◆ Image-caption web data
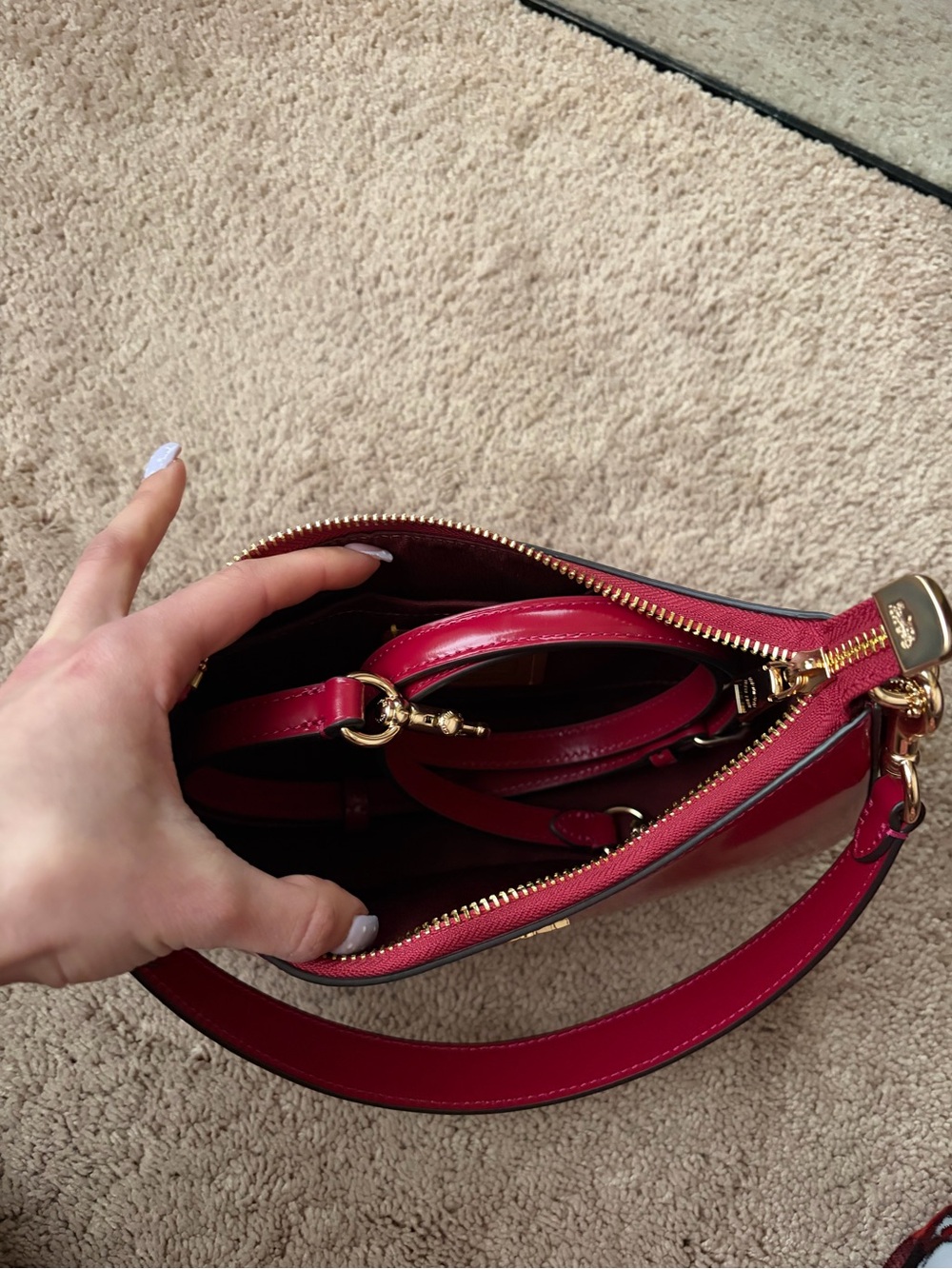 Coach Teri Leather Shoulder Bag - Picture 4 of 6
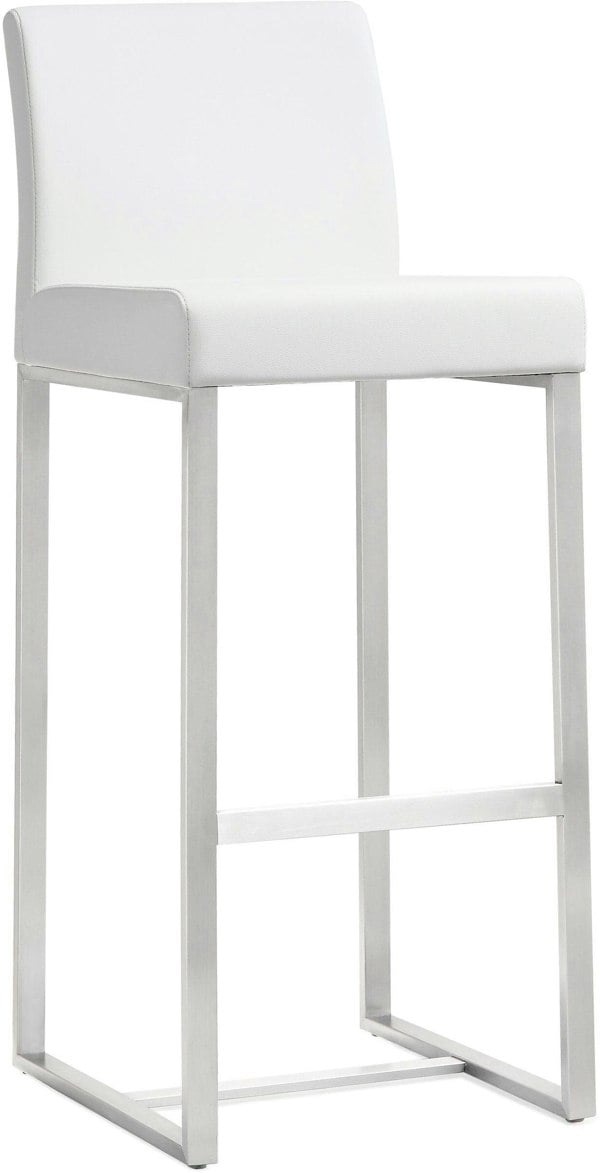 Furniture Edit Denmark White Stainless Steel Barstool Set of 2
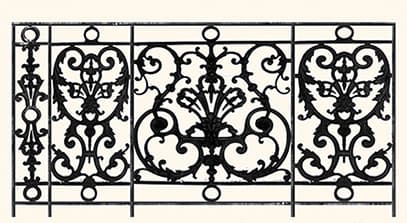 Balustrade, sierlijke leuning in gietijzer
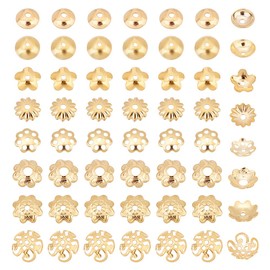 PH PandaHall - 160 piezas doradas de acero inoxidable 304 estilo 8 de filigrana de flores espaciadoras de abalorio con tapas de adorno para hacer joyas, arete, pulseras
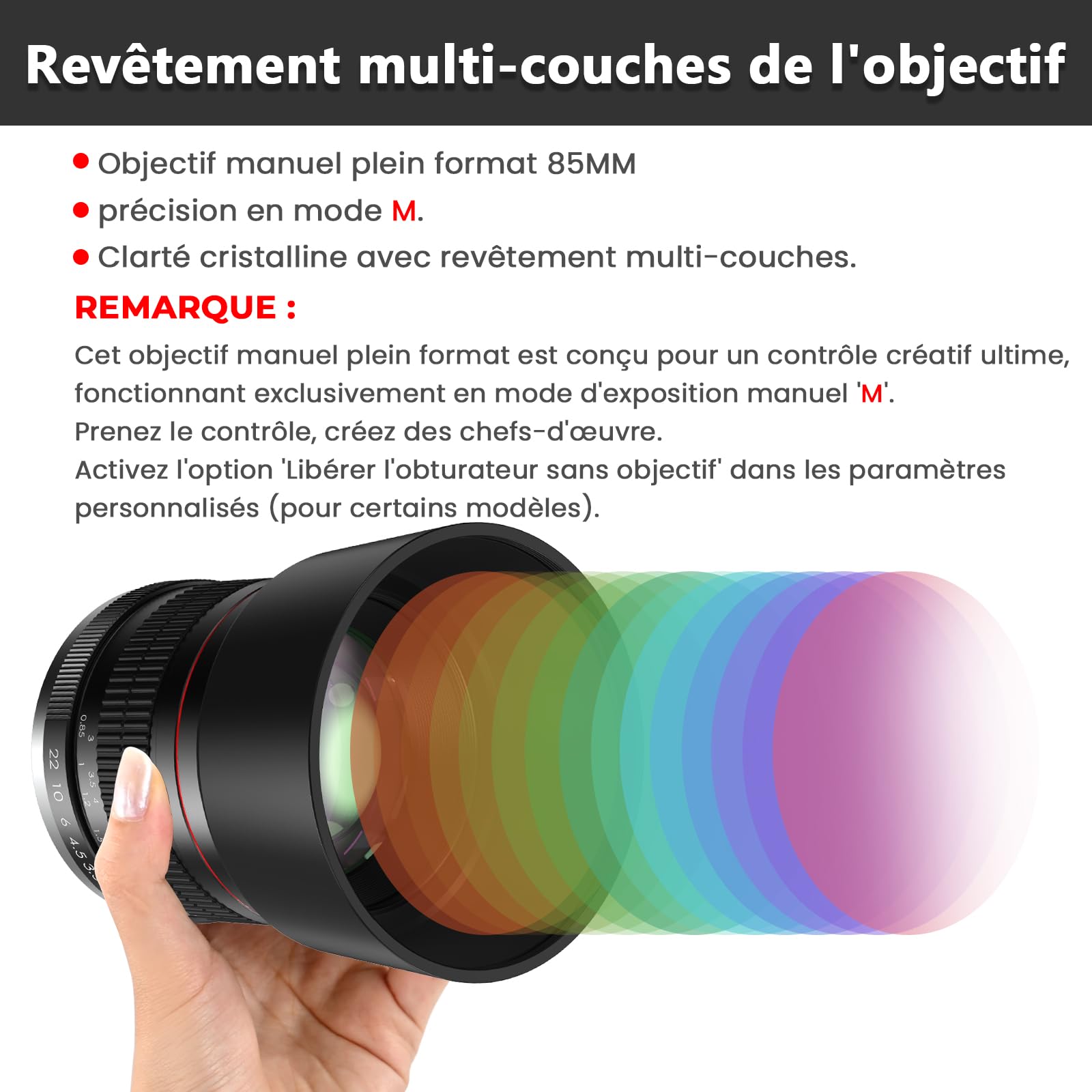 Lightdow EF Objectif 85mm F1.8 Manuel, Plein Format, Compatible Canon EF EF-S, Idéal pour Portrait, Mise au Point Manuelle, Corps en Métal pour Canon EOS 90D 7D 6D 5D Mark II/III/IV, Rebel T7 et Plus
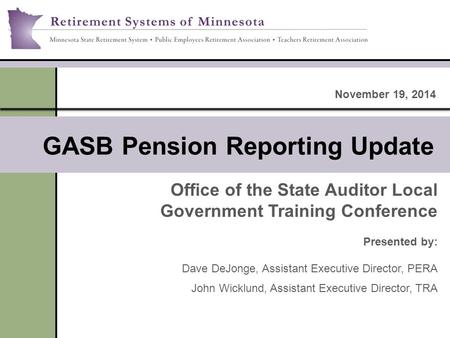 GASB Pension Reporting Update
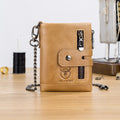 Men Wallet Genuine Leather Bifold Wallets With Anti-theft Chain Brown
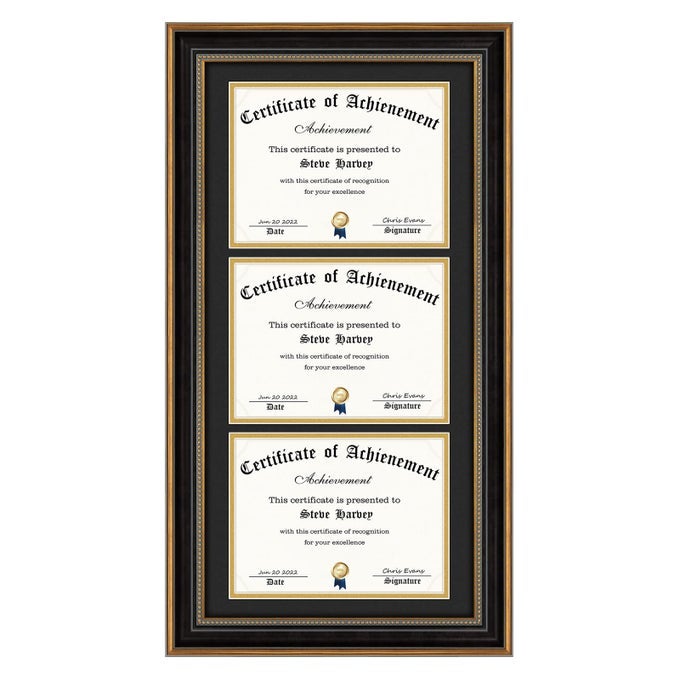 14x29 Triple Certificate Frame with 3 Openings for Three 85x11 DiplomaColor Ornate Gold Black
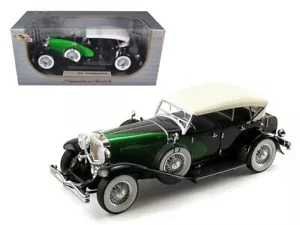 1934 Duesenberg Model J Black and Green with Cream Top 1/18 Diecast Model Car b - Picture 1 of 1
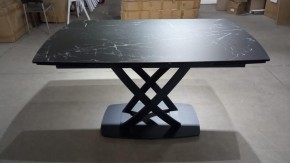 Стол FOGGIA 140 KL-116 Черный мрамор матовый, итальянская керамика/ черный каркас, ®DISAUR в Югорске - yugorsk.ok-mebel.com | фото 2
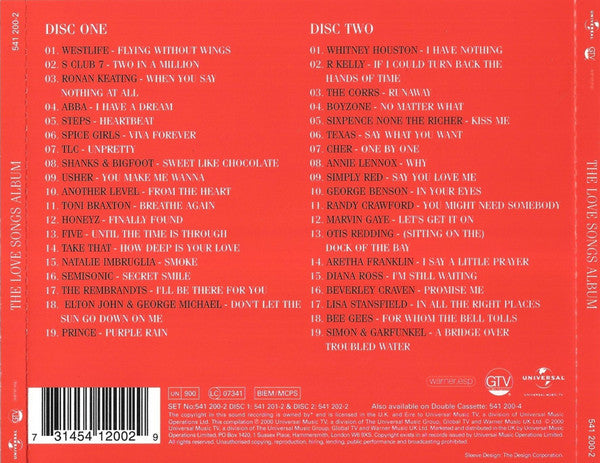 Various – The Love Songs Album - 2 Discs (Used) (Mint Condition) CD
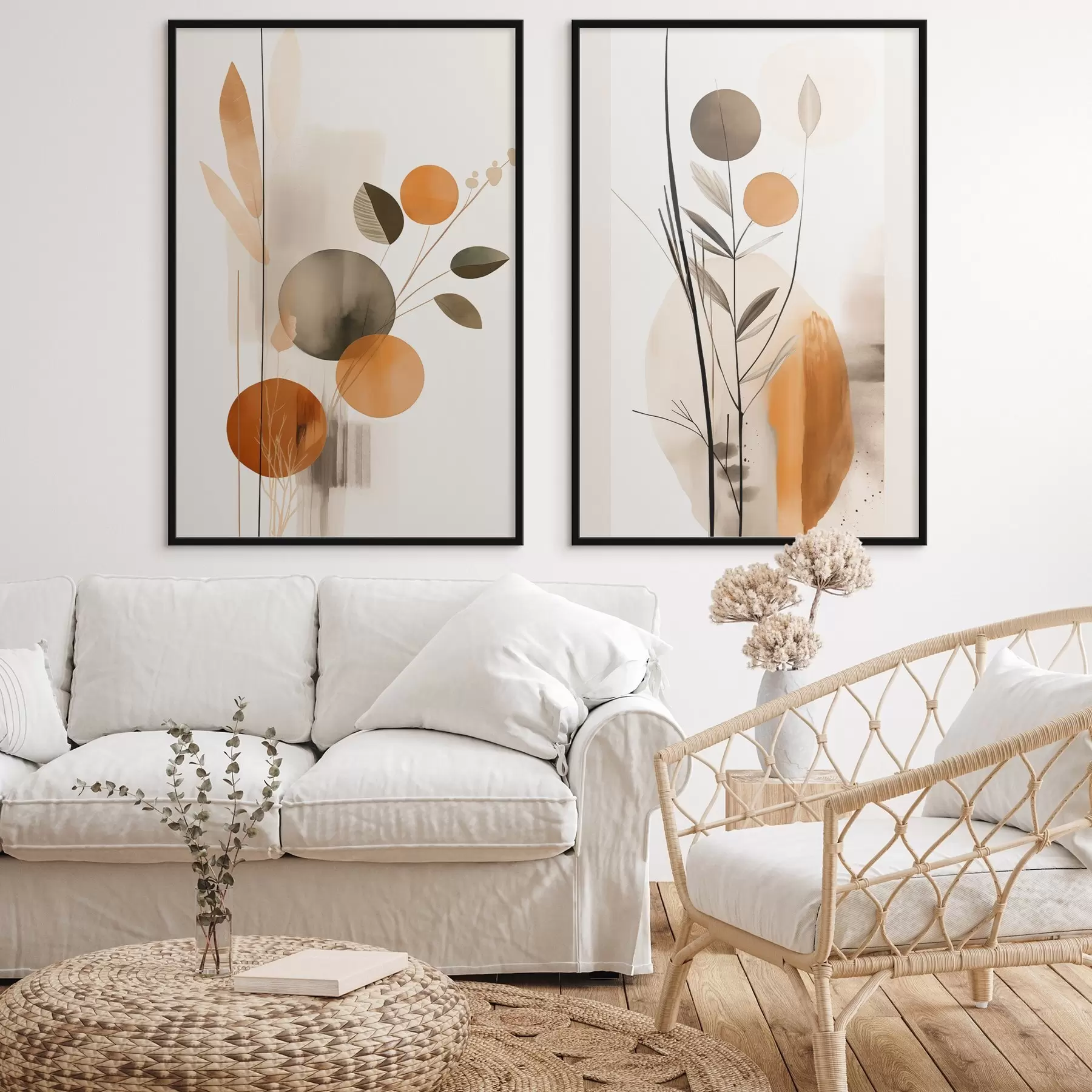 fotószőnyeg Absztrakt festmény utánzat narancssárga és szürke körökkel, levelekkel és ágakkal, modern stílusban, akvarellhatással d01009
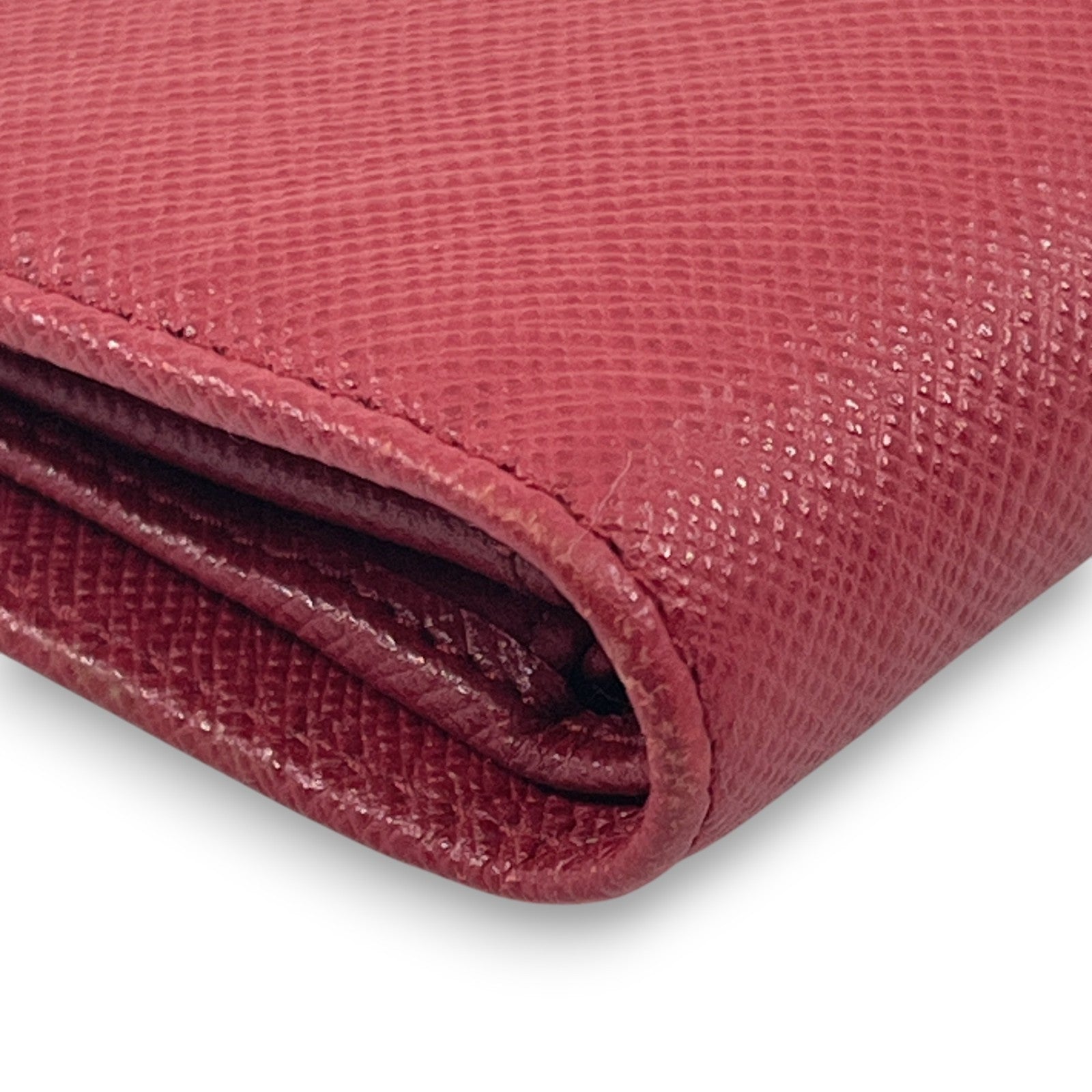 Prada Saffiano Leather Bifold Compact Wallet in Red w/ Box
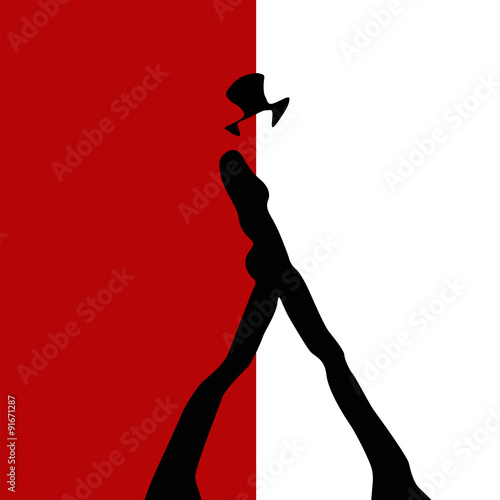 Abstract sketch of models in trouser suits, white, black, red, fashion, art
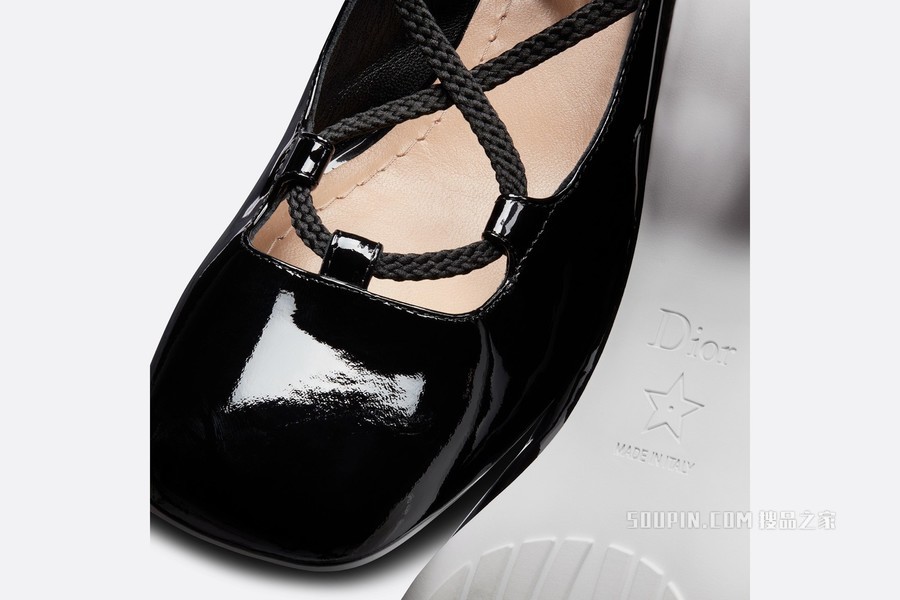 Dior Arty 系带靴子 黑色漆皮牛皮革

◆ Problem details
With the pictures left out, write out exactly the lines from the line containing "14x29 Triple Certificate" through the last line of the entries above, both ends included, and no others.

◆ Solution to the exercise
 14x29 Triple Certificate Frame with 3 Openings for Three 85x11 DiplomaColor Ornate Gold Black
 1934 Duesenberg Model J Black and Green with Cream Top 1/18 Diecast Model Car b - Picture 1 of 1
 Стол FOGGIA 140 KL-116 Черный мрамор матовый, итальянская керамика/ черный каркас, ®DISAUR в Югорске - yugorsk.ok-mebel.com | фото 2
 Various – The Love Songs Album - 2 Discs (Used) (Mint Condition) CD
 fotószőnyeg Absztrakt festmény utánzat narancssárga és szürke körökkel, levelekkel és ágakkal, modern stílusban, akvarellhatással d01009
 Prada Saffiano Leather Bifold Compact Wallet in Red w/ Box
 Abstract sketch of models in trouser suits, white, black, red, fashion, art
 Dior Arty 系带靴子 黑色漆皮牛皮革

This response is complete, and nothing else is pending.